Hadar Kahani à Césarée, Israël, le 31 décembre 2019. (Nathan Jeffay/Times of Israel)

Hadar Kahani, qui vit dans le village d’artistes d’Ein Hod, était accroupie sur le toit de sa voiture, fixant un panneau de protestation. « C’est comme si nous faisions partie d’une expérience pour laquelle nous n’avons pas signé », a-t-elle dénoncé, ajoutant : « Nous n’avons aucune confiance dans les régulateurs et les autorités. Nous pensons que nous ne pouvons faire confiance à personne. »

Ilana Reches, 79 ans, collait des affiches sur sa voiture, prête à prendre la route avec son frère Uri Philips, 75 ans. « Les produits libérés sont cancérigènes et toxiques », a-t-elle déclaré. « Nous sommes vieux, mais je suis vraiment inquiète pour les jeunes. »

Reches, qui vit au kibboutz Maayan Tzvi, a ajouté : « Dans quelques années, les gens seront malades et nous demanderons pourquoi nous n’avons pas fait plus ». Elle a dit que l’essai aurait dû être arrêté, et que la plate-forme aurait dû être construite loin de la côte, et non pas à son emplacement actuel, à 10 kilomètres du rivage.

La plupart des personnes évacuées ont expliqué qu’en plus d’éviter la pollution, elles espéraient que leurs actions attireraient l’attention nationale sur l’emplacement de la plate-forme, et ce qu’elles affirment être un niveau insuffisant de contrôle sur ses opérations. « Nous prenons soin de nous-mêmes et nous essayons aussi de dire au gouvernement qu’il doit mieux s’occuper de ses citoyens », a déclaré Alon Harel, qui a quitté son domicile de Pardes Hanna avec ses deux enfants.

Il estime que la bataille menée par les groupes environnementaux, les municipalités locales et les protestataires pour que la plate-forme soit installée plus loin en mer avait échoué, mais espère que les manifestations rendront le gouvernement réticent à autoriser l’installation d’autres plateformes près de la côte.

Ilana Reches, (à droite), et son frère Uri Philips à Césarée, Israël, le 31 décembre 2019. (Nathan Jeffay/Times of Israel)

Igal Oren était debout et regardait les cheminées de la centrale électrique au charbon de Hadera, qui se trouvent près du point de rassemblement de Césarée.
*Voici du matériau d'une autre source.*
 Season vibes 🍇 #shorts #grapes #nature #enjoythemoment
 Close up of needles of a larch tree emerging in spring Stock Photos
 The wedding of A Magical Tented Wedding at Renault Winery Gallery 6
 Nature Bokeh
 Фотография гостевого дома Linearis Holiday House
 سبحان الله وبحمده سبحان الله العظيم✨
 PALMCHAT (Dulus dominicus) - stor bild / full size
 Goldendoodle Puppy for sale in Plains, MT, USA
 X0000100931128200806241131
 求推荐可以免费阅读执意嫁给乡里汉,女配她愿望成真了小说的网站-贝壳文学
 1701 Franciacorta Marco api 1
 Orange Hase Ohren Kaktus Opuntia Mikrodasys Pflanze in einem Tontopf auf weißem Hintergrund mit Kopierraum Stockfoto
Il a déclaré que la pollution qui en sortait représentait une « goutte d’eau dans l’océan » par rapport à ce qu’il attendait de la plateforme de forage – aujourd’hui, et en général.

« Israël ne sera plus jamais le même », a-t-il déploré.
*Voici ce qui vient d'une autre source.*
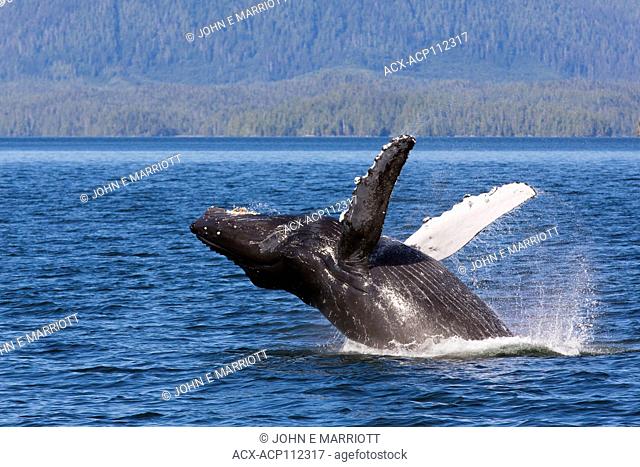 Humpback whale, Megaptera novaeangliae, British Columbia coast, Canada, breaching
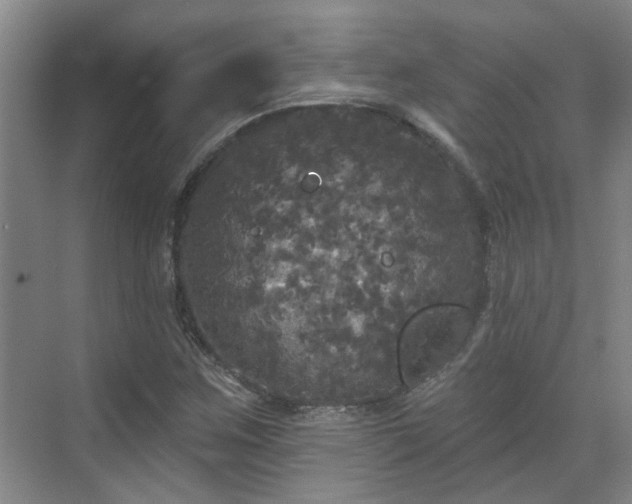 X0000070341259200606161241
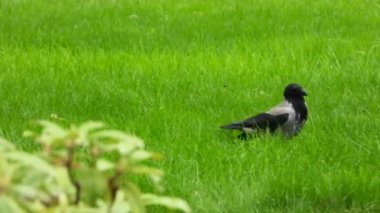 Şehir bahçesindeki yeşil çimlerde yiyecek arayan bir karga, 4K kalitesinde güzelce yakalandı. Karganın hareketleri ve hareketli çevresi bir şehir ortamındaki vahşi hayata ilgi uyandırıyor. Kentsel Vahşi Yaşam: Bir Karganın Yiyecek Arayışı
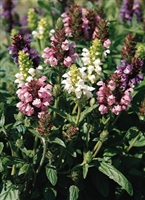 Prunelia grandiflora Self Heal Pagoda Mix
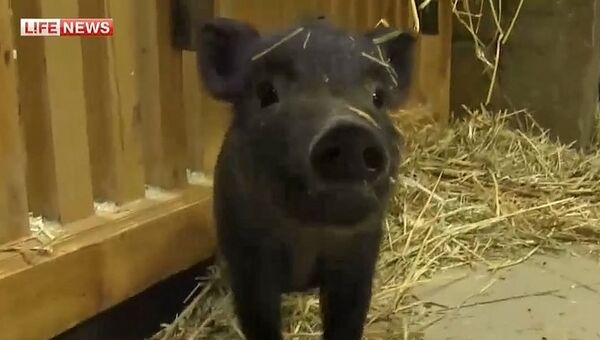 黒のミニブタ「オバマ」 - Sputnik 日本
Oren, un homme d’affaires de 63 ans, a déclaré qu’il était déterminé à quitter sa maison de Sdot Yam dès qu’il a entendu parler du test – et qu’il émigrera si ses craintes de pollution à long terme du site sont confirmées. « Je ne quitterais pas seulement Sdot Yam, je quitterais Israël », a-t-il précisé.

Oren a ajouté : « Je ne jouerai pas avec ma santé, et ce qui se passe ici est un coup de poker ».

Certaines personnes ont regardé l’évacuation avec stupéfaction. Yehuda Amar, un homme du coin d’une cinquantaine d’années, était assis dans un café avec vue sur le point de rencontre de Césarée, sirotant un café et jugeant, « C’est de l’hystérie, pure et simple. »

Igal Oren devant une cheminée de la centrale électrique de Hadera, à Césarée, le 31 décembre 2019. (Nathan Jeffay/Times of Israel)

Speer, la porte-parole du consortium de forage en charge de Léviathan, a refusé de commenter l’évacuation et la protestation de mardi. Le ministère de la Protection de l’environnement a assuré que les activités sur la plateforme ne présentaient aucun danger. Il a publié un communiqué disant : « Selon l’opinion de tous les experts, il ne devrait pas y avoir de danger pour le public pendant la purge des canalisations. »

En octobre, une revue scientifique a publié une étude académique qui révélait que les études d’impact environnemental réalisées par Noble Energy pour les opérations générales de la plateforme Léviathan sous-estimaient grossièrement la quantité d’émissions polluantes, contenaient « une série de défauts », s’appuyaient sur des modèles « trop simplistes » et devraient être refaites de façon plus professionnelle.

Les conclusions ont été rejetées par Noble Energy, qui a fait savoir qu’elle installait sur la plateforme une technologie qui permettrait de maintenir les émissions à un niveau proche de zéro.